I often visit China, and each time I’m struck by how much freer it seems, how much more market-oriented. But if you rely on the press, you’d think it is getting less free, less market-oriented. They will usually say something like “after an initial burst of initiatives, the reform process has recently gone into reverse.” The same reports are written about Indian economic reforms. Or economic and political reforms in many other countries. Be highly skeptical of these reports.
Obviously there are cases where economic and political reforms go into reverse. Venezuela is a good example. More often, however, the press falls victims to its usual bias–it’s news when a house burns down, but not when it’s built.
The powerful forces of neoliberalism and globalization are gradually making most countries freer and more market-oriented. When I first visited China in 1994 it seemed like a communist country. Now it seems mostly non-communist, although the communist presence is still quite significant. It also seems much freer. Yet virtually every year in between 1994 and 2011 I have read news articles about the market and political reforms being reversed.

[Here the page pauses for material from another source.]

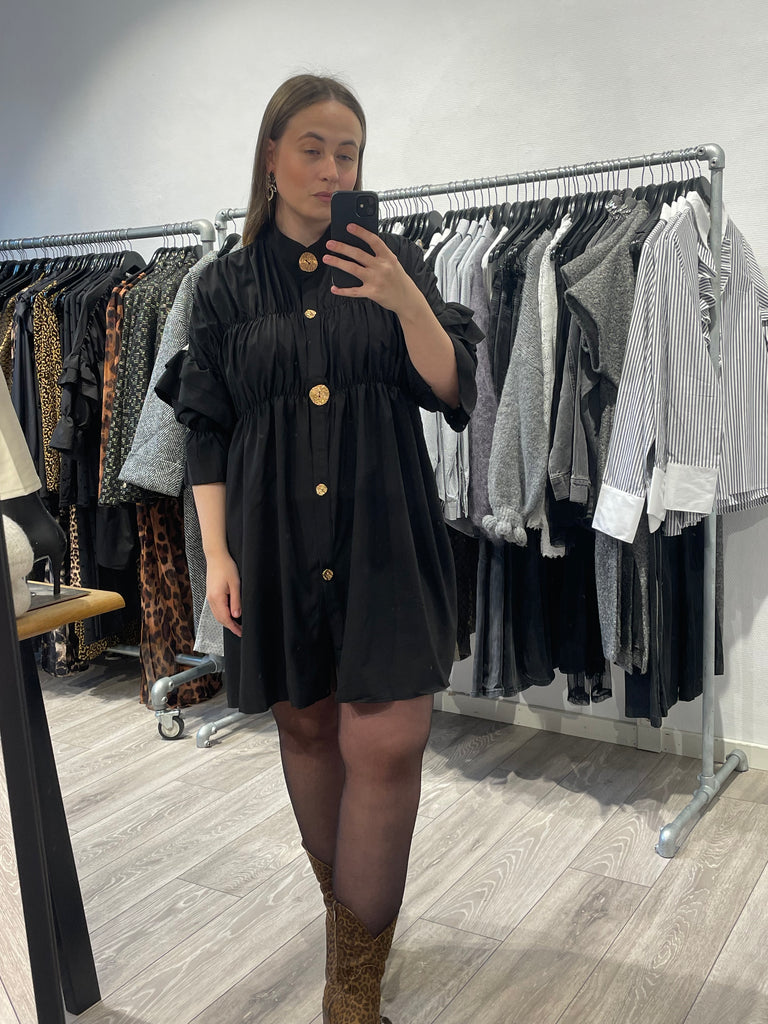 By Engbork Koko 9523 kjole kort black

The mistake people make is that reforms tend to be gradual and invisible, while setbacks are abrupt, disconcerting, and highly visible.
Martin Wolf recently wrote an article entitled “How China could yet fail like Japan.”
Define “failure.” In 1980 China was poorer than India, poorer than sub-Saharan Africa. Yes, if Japan is “failure,” then China will probably fail. Indeed I guarantee China will “fail,” because the news media reports failure, not success. Especially if you are a big and messy country. How could China not fail? Can you imagine a China that doesn’t have big problems; that lacks problems worthy of media attention?
PS. I love this Ryan Avent post on China, which deflates the so-called “Chinese miracle.”